He said it would take up to 14 hours to get the seaway up and running and around five days to clear the backlog of ships waiting to get back into the system.
“Like any major transportation interruption, it takes a bit of time for the infrastructure and so on just to turn the tap back on. It can’t be done instantly,” he said.
In recent days, Burrows said there had been increasing worry among shippers and producers, especially in the grain and steel sectors, who rely on the seaway to export their products.
He said the seaway has long been known for reliability and that the labour stoppage put “a major dent in that reputation.”
“The phone has been ringing off the hook, let me tell you,” he said. “They were all yelling and screaming and very concerned about their supplies being stuck in the chain.”
Around six million tonnes of grain are exported through the St.
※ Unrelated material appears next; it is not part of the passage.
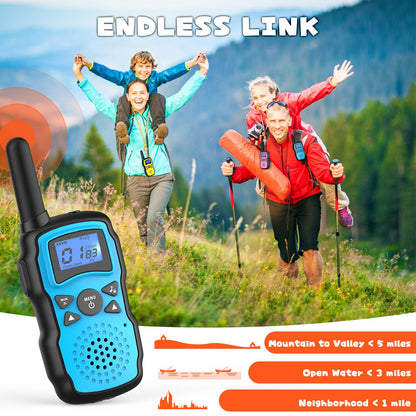 Wishouse Walkie Talkies for Kids Rechargeable Long Range, Xmas Birthday Gift for Boys Girls 4 5 6 7 8 9 10 Year Old, Hiking Gear Camping Games, Toys with Flashlight, VOX, Easy to Use 3 Pack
Lawrence Seaway annually, and this time of year marks peak shipping season, said Crosby Devitt, CEO of Grain Farmers of Ontario. He said the delivery of “well over 1,000 truckloads” had to be cancelled last week due to the strike.
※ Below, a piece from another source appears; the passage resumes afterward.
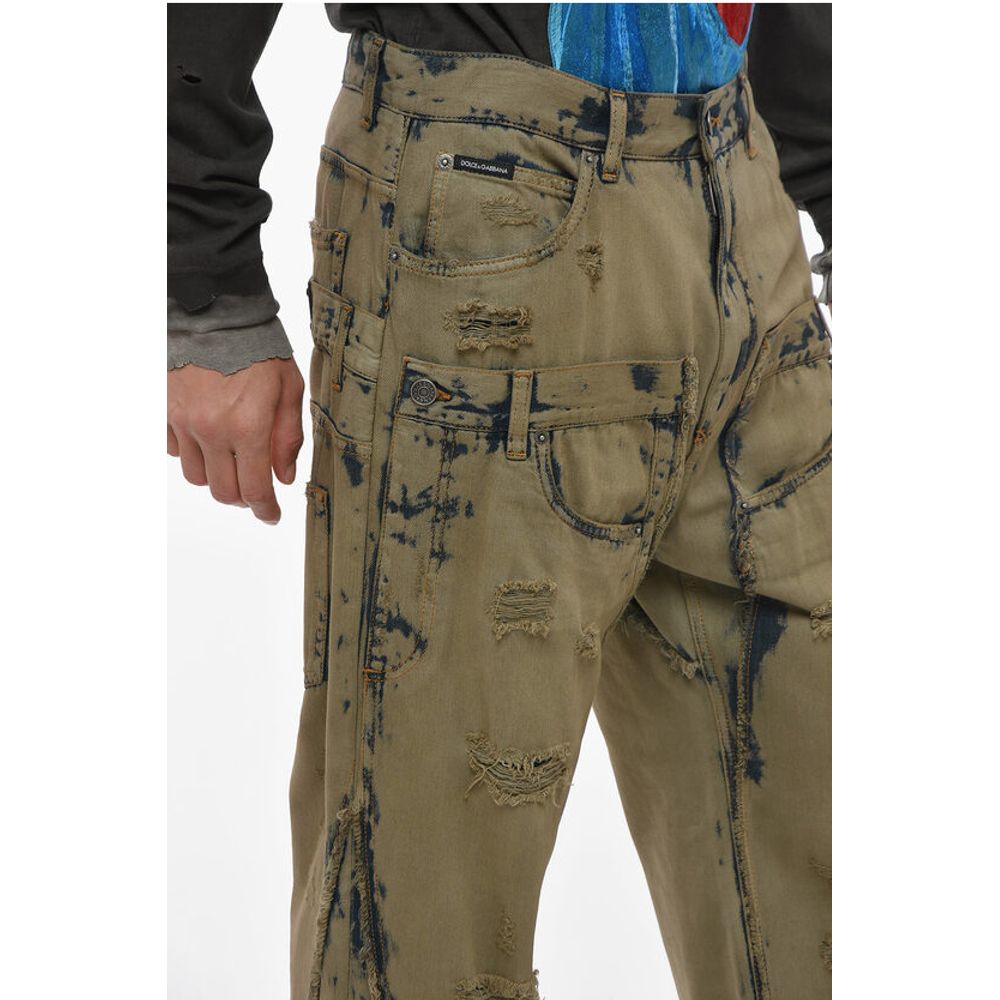 Dolce & Gabbana Vintage Wash Cargo Denims with Distressed Details 21cm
“We know it’s had a lasting impact,” said Devitt.
“It’ll take a bit of time to even understand whether there’s been some permanent capacity effects on our ability to move grain out before the end of the year.”
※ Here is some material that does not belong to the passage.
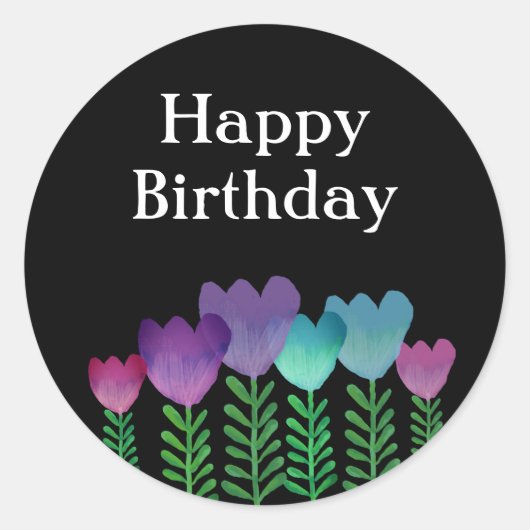 Niedlich Happy Birthday Runder Aufkleber (Vorderseite)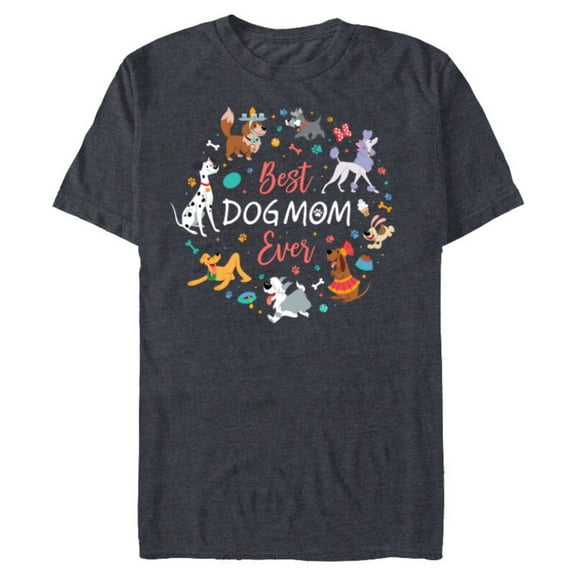 Disney Pet Parent Mother’s Day Disney Dogs Best Dog Mom Ever - Short Sleeve Blended T-Shirt for Adults - Customized-Navy Heather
Devitt said he couldn’t predict how long it will take to ramp up, but hoped the lasting effects of the strike could be kept to a minimum.
“There’s definitely been a cost to farmers. There has been a cost to the industry and hopefully not a lasting cost to our reputation as well,” he said.
Canadian Manufacturers and Exporters president and CEO Dennis Darby estimated the strike cost companies at least $35 million per day collectively.
He said that figure would gradually decline as the system returns to normal, which could take weeks. Darby said lessons learned from the B.C. ports strike earlier this year suggest that for every day lost during a work stoppage, it takes three to five days for supply lines to normalize.
The St. Lawrence Seaway strike “had a pretty broad-reaching impact,” said Darby, noting that “anything that you can think of that’s big and has to move in bulk” was affected.
“In most cases for the kind of goods that travel by sea, there aren’t many alternatives. People were staring down a lot of production being cut,” he said.
“Now it will take days and weeks for things to unblock. It’s still better than the alternative, which is the longer it persisted, the worse it would be. And of course, we were all coming up against the freeze season.”
The premiers of Ontario and Quebec had called on Ottawa to intervene if federally mediated talks failed to bring about a quick end to the walkout.
Details of the settlement were not immediately available, but the union had been fighting for higher wages to keep up with the rising cost of living.